Thomas finalizou o queijo com gratidão, mas ainda sentia fome.
-- Suponho que estejam sendo cuidados até se recuperarem e, se isso não acontecer, há abrigos de caridade para pessoas fragilizadas e doentes. -- deu de ombros.
-- Abrigos para... pessoas inúteis? -- surpreendeu-se -- Isso é um desperdício de dinheiro!
-- Para a Irmandade das Sombras, talvez. -- sentiu dor ao tentar sorrir, mas o fez mesmo assim -- Para nós, isso é humano. É o certo a ser feito.
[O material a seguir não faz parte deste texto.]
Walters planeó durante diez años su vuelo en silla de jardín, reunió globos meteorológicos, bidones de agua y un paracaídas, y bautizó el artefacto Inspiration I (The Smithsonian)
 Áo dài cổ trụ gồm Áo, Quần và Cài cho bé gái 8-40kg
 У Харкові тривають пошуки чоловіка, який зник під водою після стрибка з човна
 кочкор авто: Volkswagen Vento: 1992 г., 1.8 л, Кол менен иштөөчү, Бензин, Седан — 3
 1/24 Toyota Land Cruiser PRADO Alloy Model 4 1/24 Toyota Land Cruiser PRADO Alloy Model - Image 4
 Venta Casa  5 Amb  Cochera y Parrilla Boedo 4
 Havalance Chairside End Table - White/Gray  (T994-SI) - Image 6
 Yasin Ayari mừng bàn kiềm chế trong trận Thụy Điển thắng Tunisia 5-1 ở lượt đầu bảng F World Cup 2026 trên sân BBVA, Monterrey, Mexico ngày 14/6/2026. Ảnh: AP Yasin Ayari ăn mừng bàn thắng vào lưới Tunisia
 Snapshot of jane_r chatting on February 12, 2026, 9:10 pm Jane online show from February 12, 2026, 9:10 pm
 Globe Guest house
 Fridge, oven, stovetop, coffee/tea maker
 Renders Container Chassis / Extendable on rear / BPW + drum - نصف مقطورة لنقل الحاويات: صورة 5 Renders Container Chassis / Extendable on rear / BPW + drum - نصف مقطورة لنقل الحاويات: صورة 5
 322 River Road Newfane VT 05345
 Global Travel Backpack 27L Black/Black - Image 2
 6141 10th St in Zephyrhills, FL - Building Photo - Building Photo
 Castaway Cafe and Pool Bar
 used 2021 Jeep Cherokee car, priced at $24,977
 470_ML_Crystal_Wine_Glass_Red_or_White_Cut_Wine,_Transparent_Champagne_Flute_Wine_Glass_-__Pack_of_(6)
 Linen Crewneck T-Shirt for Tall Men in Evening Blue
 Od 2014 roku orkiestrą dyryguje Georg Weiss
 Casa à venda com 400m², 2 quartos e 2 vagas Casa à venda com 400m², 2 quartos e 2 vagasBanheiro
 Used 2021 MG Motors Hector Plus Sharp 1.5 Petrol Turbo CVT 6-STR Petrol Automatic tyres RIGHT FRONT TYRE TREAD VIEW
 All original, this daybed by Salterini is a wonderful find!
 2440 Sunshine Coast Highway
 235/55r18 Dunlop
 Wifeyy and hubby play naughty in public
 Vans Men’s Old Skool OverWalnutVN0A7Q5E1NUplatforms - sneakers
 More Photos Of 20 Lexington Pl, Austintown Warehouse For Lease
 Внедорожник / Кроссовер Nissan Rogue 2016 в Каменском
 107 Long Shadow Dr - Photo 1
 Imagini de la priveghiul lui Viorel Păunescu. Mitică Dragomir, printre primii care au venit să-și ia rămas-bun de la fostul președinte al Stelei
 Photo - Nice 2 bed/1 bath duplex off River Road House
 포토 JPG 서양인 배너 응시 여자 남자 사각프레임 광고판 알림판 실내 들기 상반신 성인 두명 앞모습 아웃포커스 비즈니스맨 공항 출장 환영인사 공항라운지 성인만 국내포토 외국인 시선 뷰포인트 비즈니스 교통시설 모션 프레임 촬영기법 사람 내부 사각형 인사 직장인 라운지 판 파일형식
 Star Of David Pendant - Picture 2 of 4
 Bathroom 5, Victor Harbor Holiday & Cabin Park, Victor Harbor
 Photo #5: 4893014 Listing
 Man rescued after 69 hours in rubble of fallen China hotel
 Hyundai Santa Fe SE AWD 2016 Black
Por que você segue aquele homem?
-- Isso não é da sua conta. -- respondeu defensiva.
-- Você me trouxe direto para as garras dele, então talvez seja sim! Aquele homem claramente mentiu para você sobre isso, e com certeza mente sobre o resto. Aquelas pessoas que ajudei? Acha que as forcei a irem para a proteção do rei? Eles choraram de felicidade por saírem dessa vida, por saírem da podridão, fome e miséria que Willk levou até eles. E agora eu morrerei por isso.
Ele notou que ela empalideceu a cada frase que proferiu, mas não a polpou daquelas verdades que para ela deveriam ser tão duras.
-- Não pode ser... -- ela sacudiu a cabeça negativamente -- É o rei Abenforth quem traz a fome e miséria! Ele destruiu as plantações em todo o reino, tomou tudo para si. Todos os grãos, toda a comida sai das fazendas dele e ficam na Cidade Real enquanto o resto de nós passa fome e briga entre si por um saco de farinha.
-- Abra seus olhos, senhorita Nix. Willk destruiu as plantações anos atrás, na intenção de voltar a população contra o rei. Abenforth tentou reconstruí-las mas foi inútil, já que sempre eram detonadas novamente. Então, ele ampliou significativamente as fazendas reais para poder alimentar seus súditos.
-- Ah, é? E onde está toda essa comida?
-- Os espiões de Willk sempre descobriam para onde o rei estava mandando as provisões. Então, ele ia até lá e simplesmente roubava tudo. O rei aumentou o número de soldados que escoltava os comboios, mas como seu mestre sempre estava um passo à frente ele dava um jeito de bolar uma armadilha engenhosa. Centenas de soldados morreram nas mãos da Irmandade por tentar levar alimento à população das cidades e vilas mais distantes da Cidade Real. Quando a história de nosso reino for escrita daqui alguns anos, senhorita Nix, o seu nome será mencionado na lista dos vilões.
A mulher arregalou os olhos, nitidamente perturbada por tudo o que ouviu. Thomas tomou o restante de seu leite e devolveu o cantil para ela, junto do pano que embrulhou seu pão e queijo. Nix tomou as coisas da mão dele e se levantou com graciosidade, levando o castiçal consigo.
-- Dê um jeito de ficar vivo por mais uma semana. Diga o que ele quer ouvir, diga mentiras, não importa. Eu vou... -- suspirou, cansada -- vou investigar e, se o que me disse for verdade, eu vou tirá-lo daqui. -- sorriu para ele -- Mas tenho algumas exigências.